The test of a first-rate intelligence is the ability to hold two opposed ideas in mind at the same time and still retain the ability to function.

F. Scott Fitzgerald

This week’s COT index number is +16.4% which suggests that the bull continues to run on Wall St.

Certainly we are entering on a seasonality basis, one of the best segments of the year for stocks. Add to that the emergence of Yellen as the lead choice for the Fed Chair, tepid economic growth, close to negative real rates, and you have most of the ingredients for a continued rally into February.


Looking first at the 5day chart, we see an uptrend, but price trading at the top of the range. Resistance is at $181.25. The 10day & 15day charts are unimportant this week. The 3day chart has resistance circa $182.25. I would suggest that the 5day chart will likely come into play. Therefore we can expect a pop in prices to open the week, and a decline from the resistance to support around the $179.oo area.

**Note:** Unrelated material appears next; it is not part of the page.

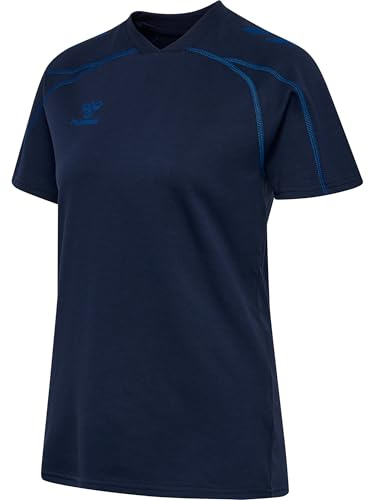 hummel Damen Hmlmove 2.0 T-Shirt S/S Woman T-Shirt (1er Pack)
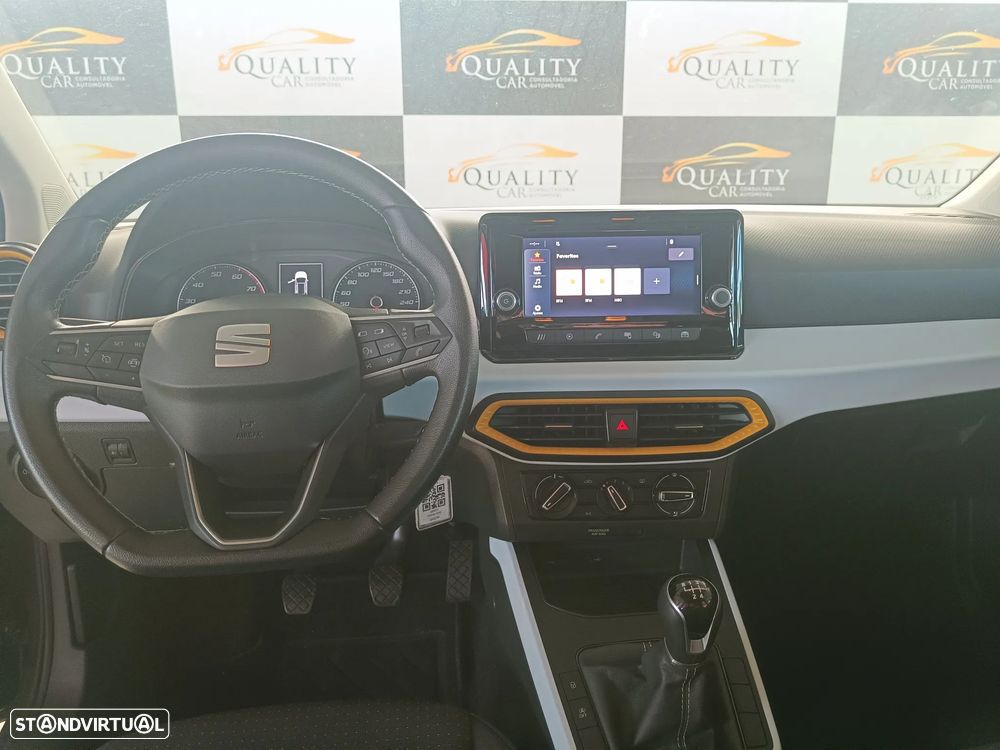 SEAT Arona 1.0 TSI Style - 6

Certainly the market valuation is getting a little rich. If you assume earnings growth remains lack-lustre, then valuations become increasingly rich. This has a number of market analysts calling for a decline. With no other options available, money managers continue to allocate cash to stocks. Hugh Hendry being the latest bear to succumb.

Market Neutral

With a market neutral strategy, any decline should it occur, can still provide significant profits to our positions and therefore the actual direction of the market is only of academic interest. We simply require a trend to develop in any given position to generate profits.